Exercise directions: Your answer must be exactly the lines from the one containing "Чорний Міцубісі Аутлендер" through the end of the material, both ends included, without pictures.

Information provided:
☆ ☆ ☆ ☆ ☆
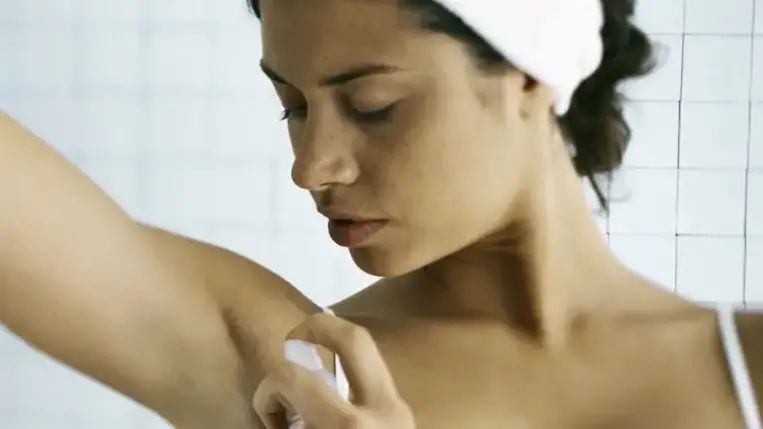 Mitől viszkethet a hónalj?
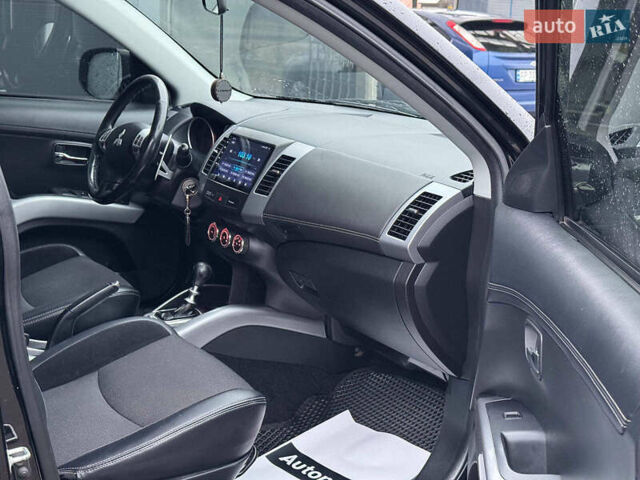 Чорний Міцубісі Аутлендер ХЛ, об'ємом двигуна 2.18 л та пробігом 253 тис. км за 12490 $, фото 12 на Automoto.ua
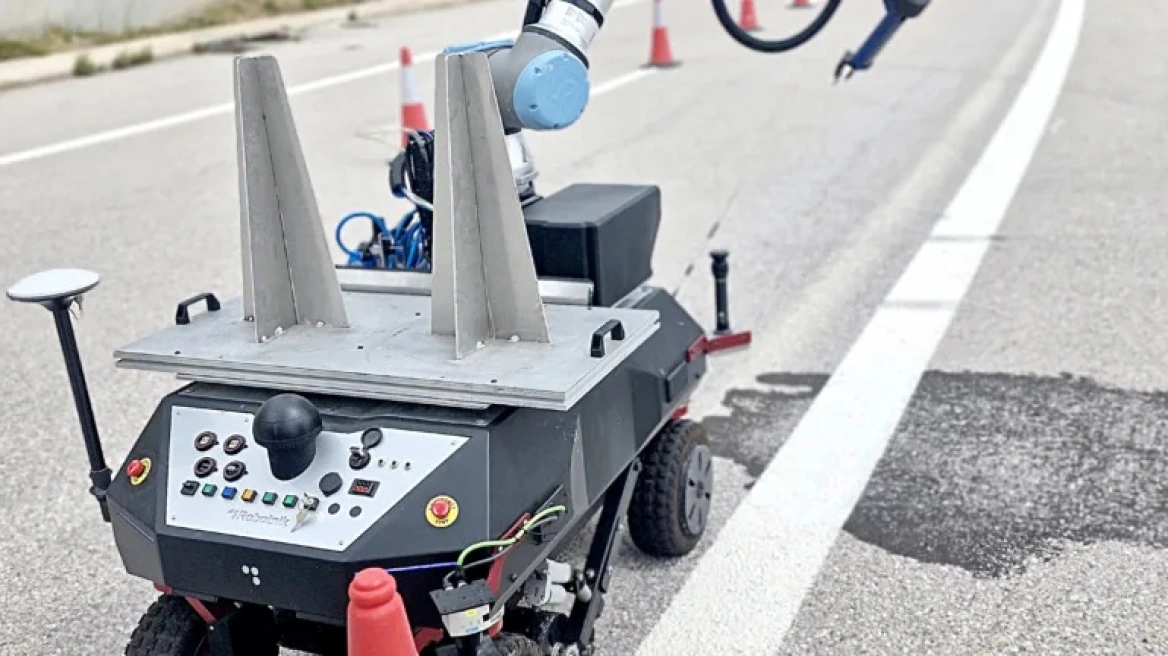Ολύμπια Οδός. Ρομπότ ΑΙ επισκευάζει τον δρόμο
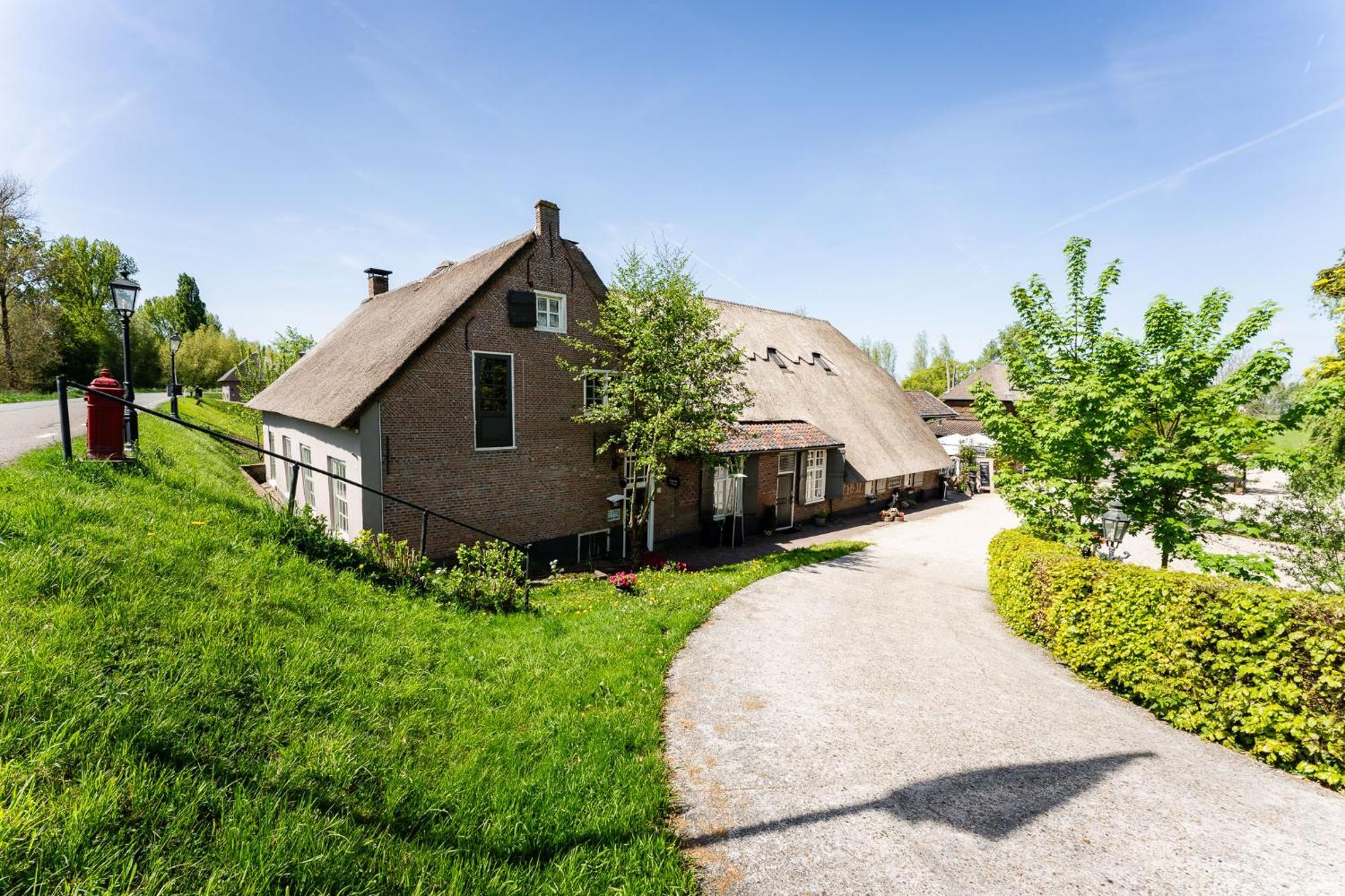 Herberg De Lingehoeve Oosterwijk Екстериор снимка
☆ ☆ ☆ ☆ ☆
Reply to the exercise:
 Чорний Міцубісі Аутлендер ХЛ, об'ємом двигуна 2.18 л та пробігом 253 тис. км за 12490 $, фото 12 на Automoto.ua
Ολύμπια Οδός. Ρομπότ ΑΙ επισκευάζει τον δρόμο
 Herberg De Lingehoeve Oosterwijk Екстериор снимка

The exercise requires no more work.